START PROVIDED MATERIAL

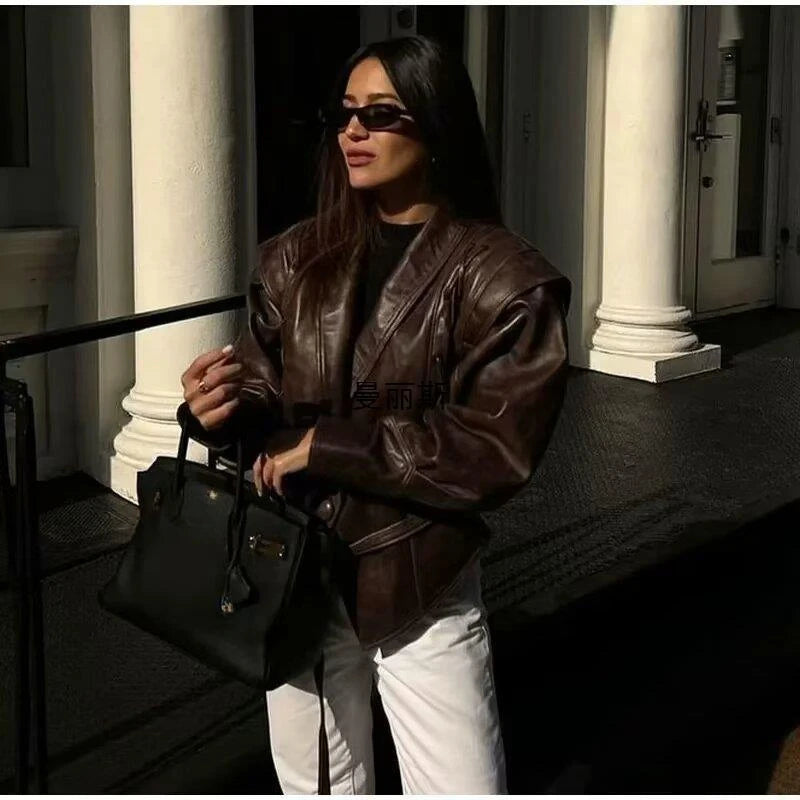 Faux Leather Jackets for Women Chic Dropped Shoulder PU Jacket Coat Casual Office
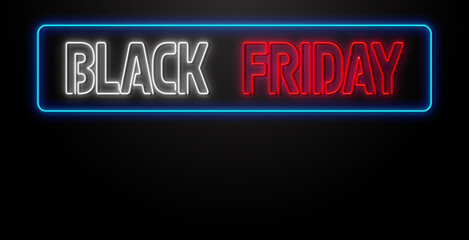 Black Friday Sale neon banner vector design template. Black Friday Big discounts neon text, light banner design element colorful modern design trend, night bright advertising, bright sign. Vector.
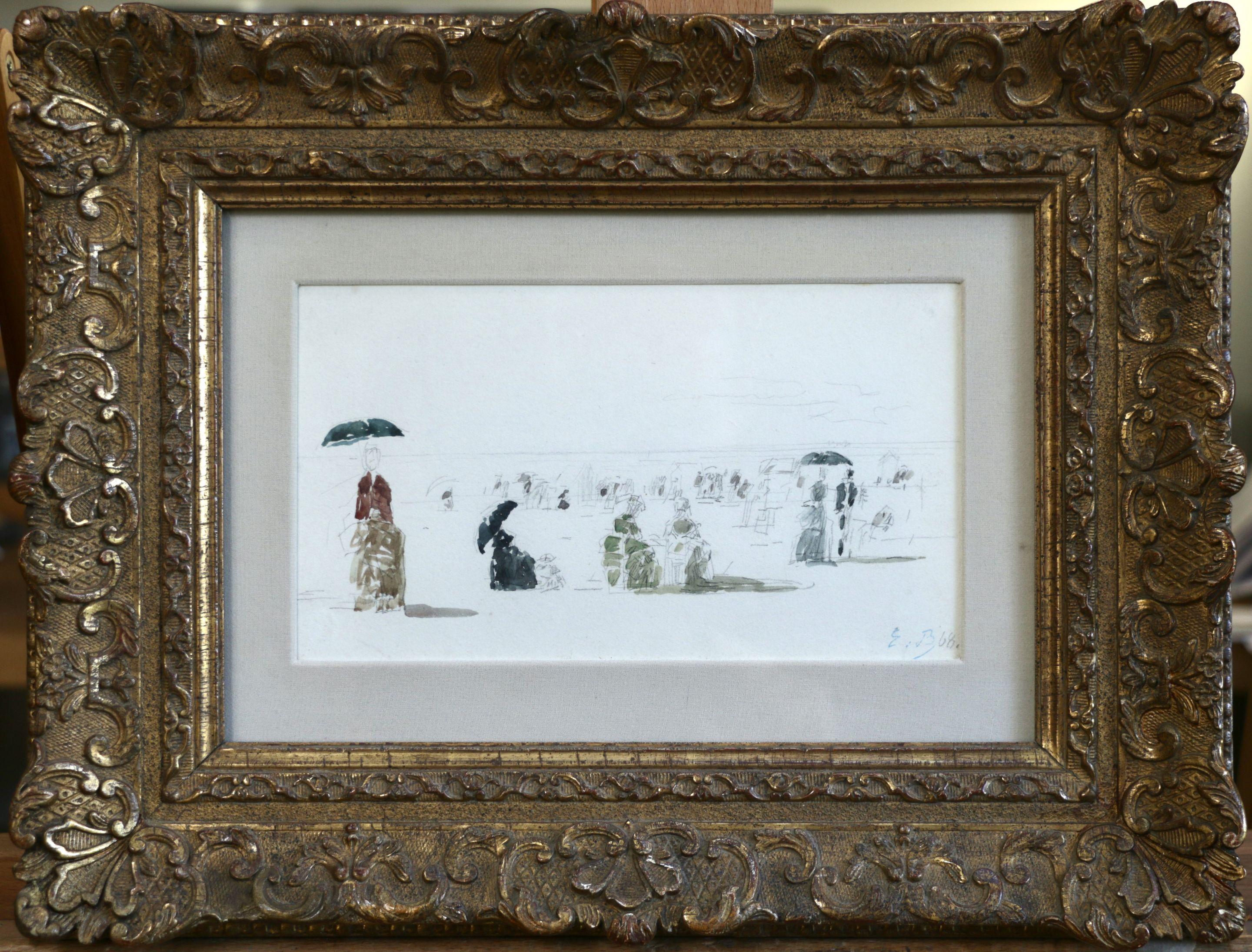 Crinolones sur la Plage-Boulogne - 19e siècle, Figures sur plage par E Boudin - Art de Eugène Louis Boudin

END PROVIDED MATERIAL

__TASK DETAILS__
When the line that holds "Black Friday Sale" is reached, begin duplicating exactly, and continue through the last line of the listing, skipping the pictures; output nothing else.

__THE COMPLETED TASK__
 Black Friday Sale neon banner vector design template. Black Friday Big discounts neon text, light banner design element colorful modern design trend, night bright advertising, bright sign. Vector.
 Crinolones sur la Plage-Boulogne - 19e siècle, Figures sur plage par E Boudin - Art de Eugène Louis Boudin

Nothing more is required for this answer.